In a major shift from its prolonged contractionary stance, Bangladesh Bank has unveiled a balanced monetary policy statement (MPS) for the second half of 2026.
To drive this economic recovery, the regulator announced a massive Tk60,000 crore special stimulus package.
Unveiling the monetary blueprint at the central bank's headquarters on Tuesday, Governor Md Mostaqur Rahman outlined a policy direction designed to ease credit bottlenecks.
Deputy Governor Habibur Rahman presented the core technical keynote, highlighting a deliberate shift away from aggressive tightening toward growth-supportive stabilization.
The primary focus of the new monetary roadmap is lifting private sector credit growth out of its multi-year slump.
Central bank planners have established a clear trajectory to rebuild credit flows to businesses and industrial houses.
The slump down to 5.5% growth by June 2026—one of the lowest levels in recent history—stemmed from high policy interest rates, strict import controls, and weak business confidence.
By introducing the Tk60,000 crore injection and stabilizing the currency market, the central bank expects credit demand from private enterprises to bounce back strongly over the next 12 months.
To make more liquid funds available for private enterprises, the MPS outlines a clear plan to gradually reduce the government's heavy reliance on commercial bank borrowing.
Public sector credit growth peaked at a massive 28.9% in December 2025, effectively crowding out private borrowers.
By steering state deficits toward non-bank funding options, central bank planners expect government credit growth to cool to 17.2% by June 2027. This shift will give commercial banks significantly more room to support private capital investment.

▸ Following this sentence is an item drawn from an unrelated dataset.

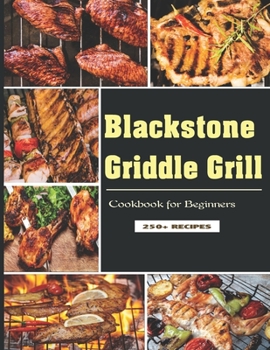 Paperback Blackstone Griddle Grill Cookbook for Beginners: Make grill food with rejoicingly in home ! Book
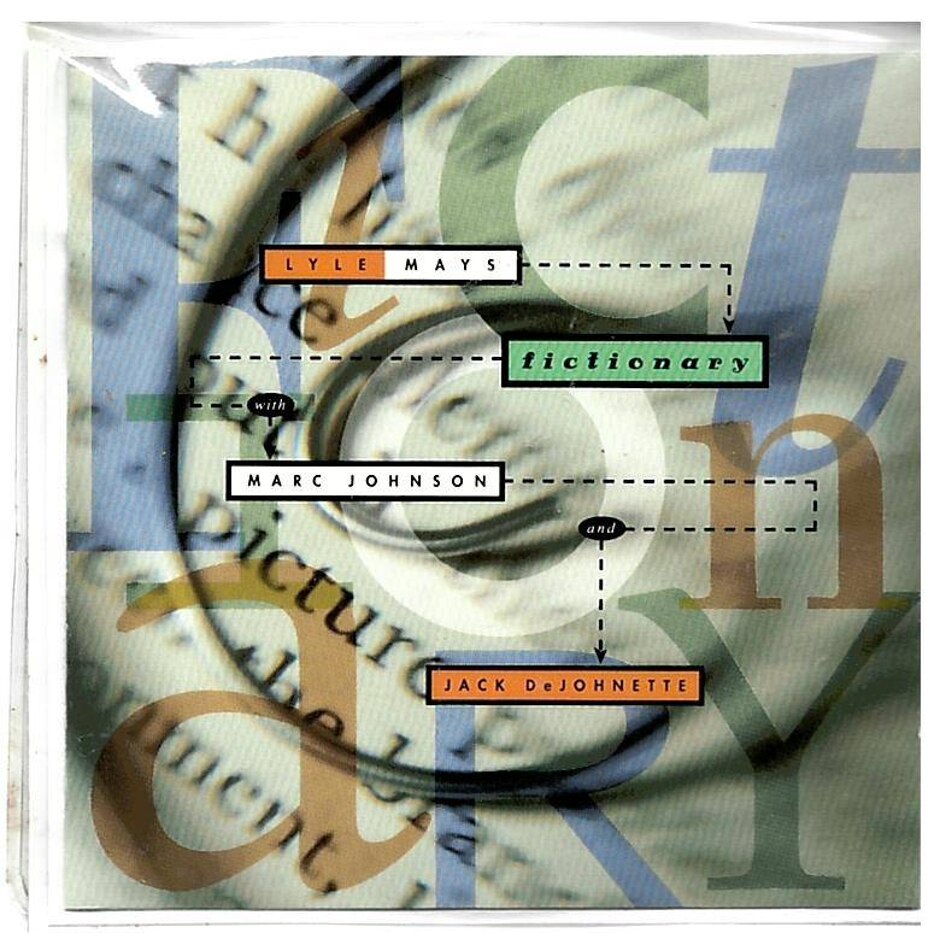 Fictionary - Lyle Mays With Marc Johnson And Jack Dejohnette (ged24521)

The central bank is managing this liquidity expansion carefully to prevent sparking new inflationary pressures:
- Broad Money (M2) Expansion: Broad money growth is projected to scale up from 10.8% in June 2026 to 11.5% by December 2026, eventually reaching 13.0% by June 2027.
- Net Domestic Assets (NDA): Domestic assets are forecast to track upward from 9.2% to 12.6% by the close of the fiscal year.
- Overall Domestic Credit Limit: Total domestic credit expansion will be kept steady within a tight 10% to 10.5% band to keep macro-monetary stability intact.
With the money multiplier projected to hold steady around 5.30, commercial banks will maintain a stable capacity to create credit from their core deposit bases.
This stability is further reinforced by a positive outlook for Net Foreign Assets (NFA), driven by steady remittance inflows, stronger export earnings, and a stable exchange rate.
Bangladesh Bank's new policy stance marks a pragmatic evolution in its economic strategy.
While inflation control remains a top priority, the central bank recognizes that prolonged credit starvation risks causing long-term industrial damage.